Dalam cerita perdebatan itu, Gus Dur menyaksikan diajak oleh KH. Abdul Fattah Hasyim, dalam versi penuturan novel Peci Miring (ditulis Aguk Irawan), dengan bahasa begini:

“Itu lagi… Itu lagi,” ucap KH. Abdul Wahab Hasbullah.
“Karena kita tidak sependapat dengan Drum Band itu Mas,” ucap Kiai Bishri.
“Soalnya awakmu selalu menggunakan fiqhmu,” ucap Kiai Wahab. “Kau tidak pernah mendengarkan ushul fiqhku.”
“Apa ndak salah” bantah Kiai Bishri. “Mas Wahab yang tidak pernah mau menengok fiqh, selalu saja berpijak pada teori ushul.”
“Karena ushul itu adalah persoalan yang penting. Tanpa ushul kamu buta mengenai fiqh.”
Tetapi umat lebih membutuhkan fiqh, lebih penting soal fiqh daripada ushul.”
“Sudah-sudah, kalau begini tidak akan selesai-selesai,” Kiai Fattah menenangkan mereka berdua. Dan kemudian Kiai Fattah mengajak Gus Dur meninggalkan pertemuan itu.
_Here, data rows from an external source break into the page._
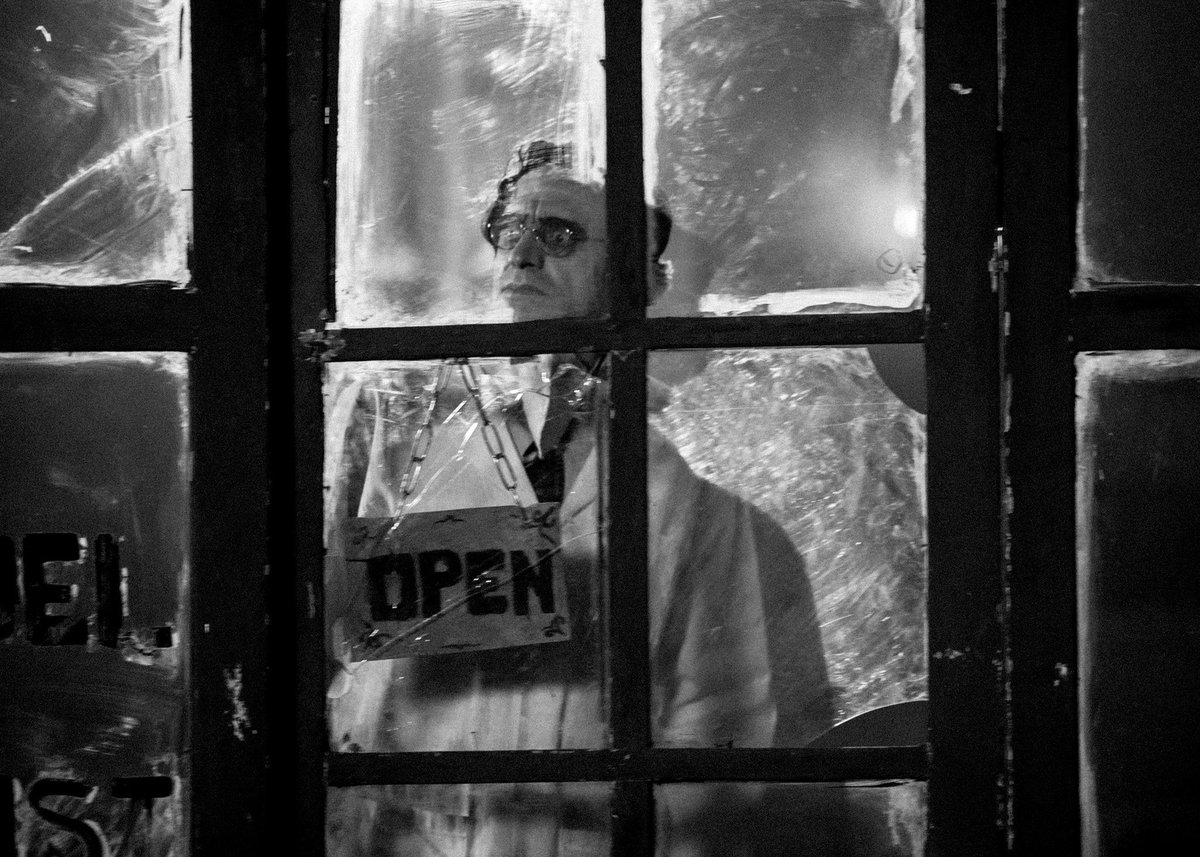 mirzaeem851's tweet image. 🍷🩸Here is my submission to the #CleverCurator #techbubble challenge.🩸🍷

🖤🤍Black and white 🤍🖤

Judges 
@BohoArtRunway 
@Cassi_Moghan 
@lightyshut 

Artists
@Sean_Jaanson 
@art_faez 
@SandraAcostaArt 
@Niloufar__ghr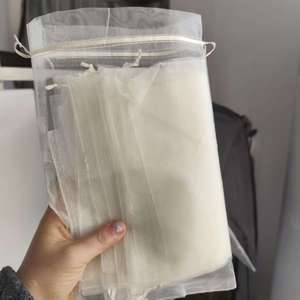 Sacs en organza personnalisés écologiques avec cordon de serrage, pochettes cadeaux réutilisables en maille transparente, emballage pour bijoux de mariage et de fête - Product Image 6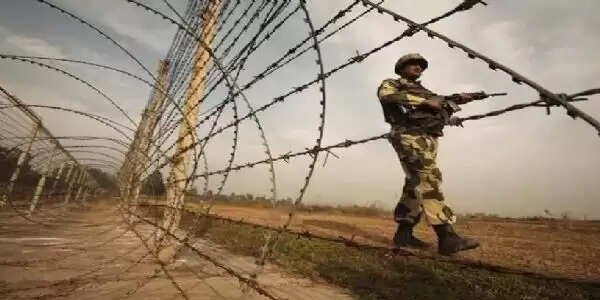 पाकिस्तान ने नियंत्रण रेखा पर फिर किया संघर्ष विराम का उल्लंघन, भारत ने दिया मुंहतोड़ जवाब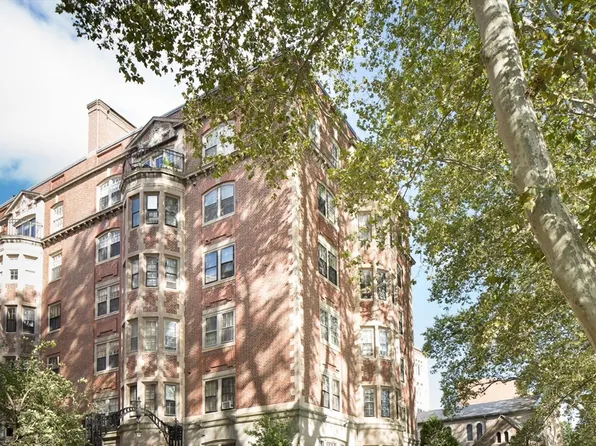 983 Memorial Dr APT 101, Cambridge, MA 02138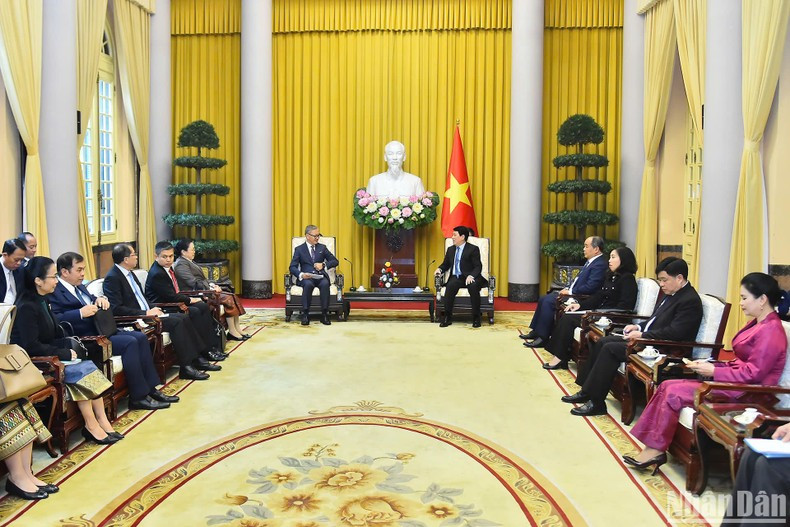 Общий вид приема.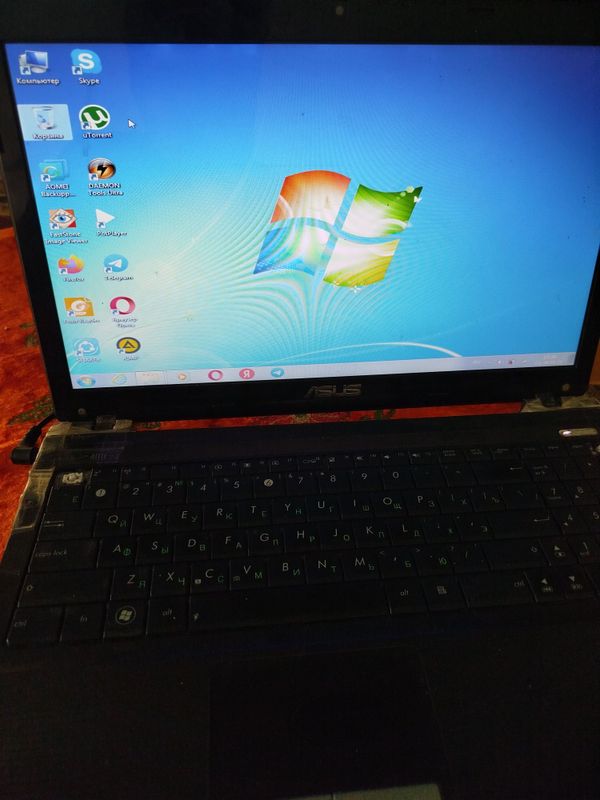 ASUS noutbuk sotiladi ASUS noutbuk sotiladi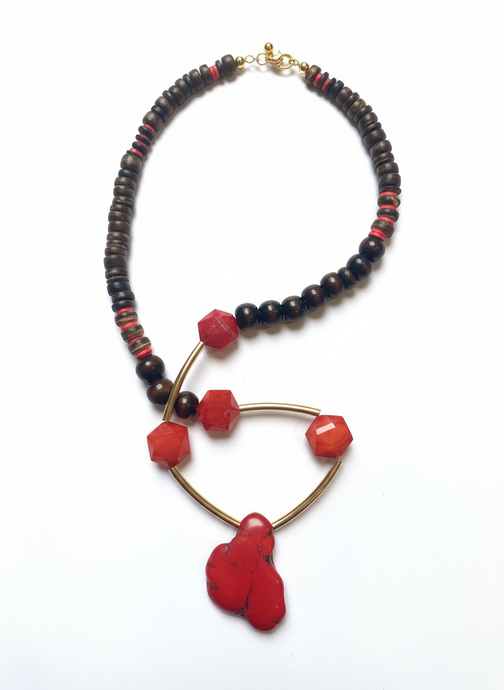 FRT12 -  Coconut & Magnesite necklace with vintage glass and clay detail.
Dalam perdebatan itu, Kiai Bishri mengajarkan sangat berhati-hati soal aurat perempuan dalam drum band. Sementara KH. Wahab mengajarkan betapa pentingnya memandang aspek mashlahatnya. Di antara alasannya, santri-santri putri yang ingin membuat drum band itu tidak melepaskan kerudung, dan tidak berlenggak lenggok. Dalam NU Online (20 April 2006) kemudian dikutip bahwa Kiai Wahab kemudian menemui Kiai Bishri: “Nggak apa-apa wong masih pakek kerudung kok, gak seperti Gerwani. Pokoknya auratnya gak kelihatan.” Kiai Bishri terdiam dan tidak malarang.

Pada periode Tambakberas ini, Gus Dur mulai menempa diri dalam soal kepemimpinan, karena dalam umur yang belia sudah dipercaya menjadi kepala madrasah, juga membaca buku-buku Ikhwanul Muslimin, berziarah, dan melakukan riyadhoh khas pesantren, menghafal teks-teks klasik, dan mengaji kitab-kitab, termasuk menghafal bait-bait Nahwu dalam tata bahasa Arab. Setelah itu Gus Dur pergi ke Kairo untuk melanjutkan studi, dan Greg Barton mencatat terajadi pada bulan November 1963; tetapi oleh catatan di buku Tambakberas disebutkan Gus Dur menjadi kepala sekolah sampai tahun 1966.

Wallohu a’lam.

(Tulisan ini disiapkan untuk menyambut Pertemuan Nasional GUSDURian di Yogyakarta, Agustus 2018)

Intelektual Muda Nahdlatul Ulama' (NU) dan Penulis buku Agama Borjuis: Kritik atas Nalar Islam Murni, Sejarah Lengkap Wahhabi, dan lain-lain.